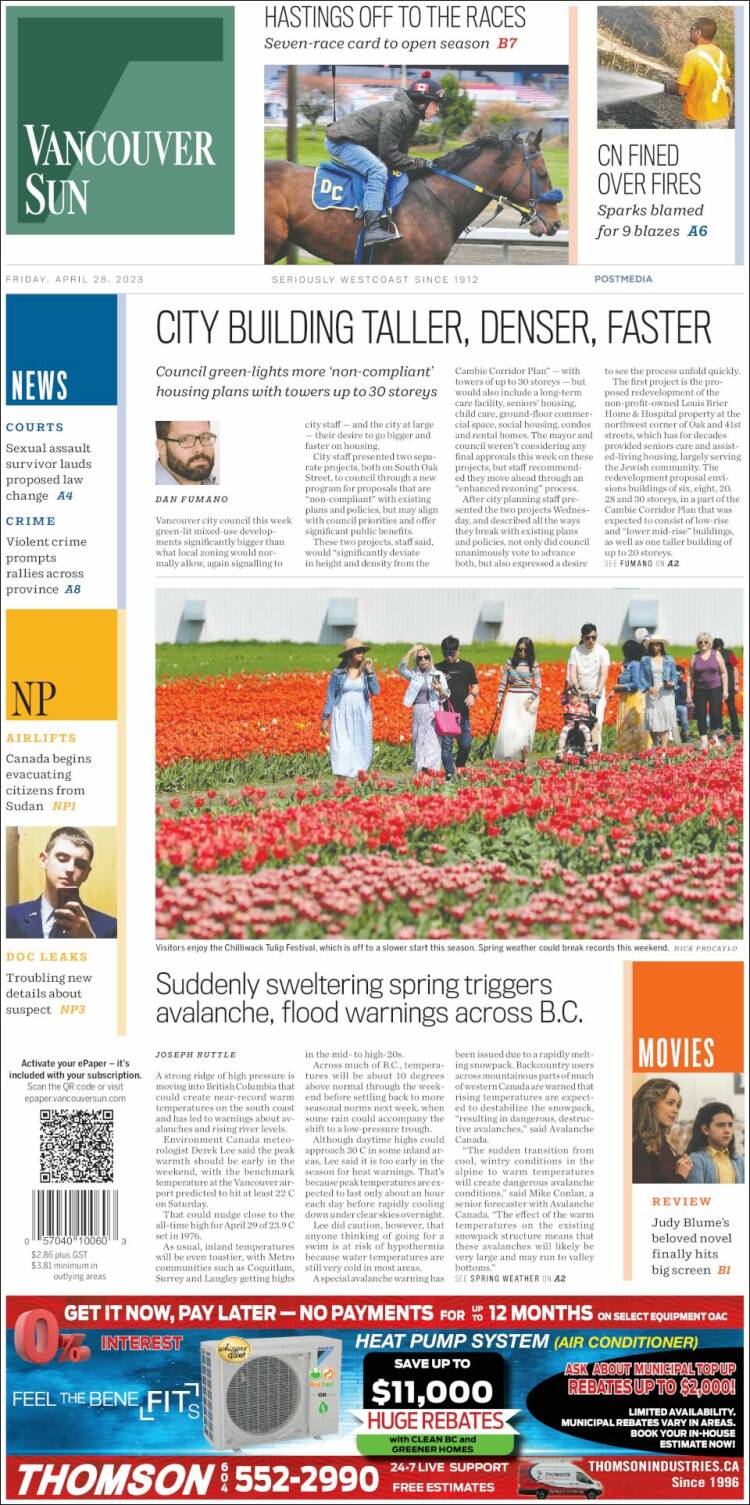 Portada de The Vancouver Sun (Canadá)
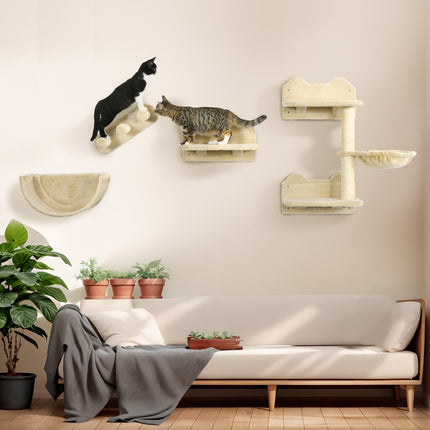 PAWROOM - Cat climbing wall set with stairs & hammock for small cats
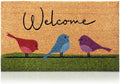 Colorful Birds Coir Welcome Mat Non Slip PVC Backing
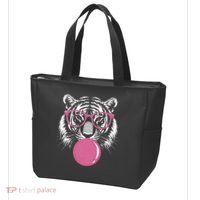 Funny Tiger Glasses Blowing Pink Bubble Gum Tote Bag thumb 3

Description of the task: Repeat the data exactly, dropping every picture it holds.

Task response:
 Portada de The Vancouver Sun (Canadá)
 PAWROOM - Cat climbing wall set with stairs & hammock for small cats
 Colorful Birds Coir Welcome Mat Non Slip PVC Backing
 Funny Tiger Glasses Blowing Pink Bubble Gum Tote Bag thumb 3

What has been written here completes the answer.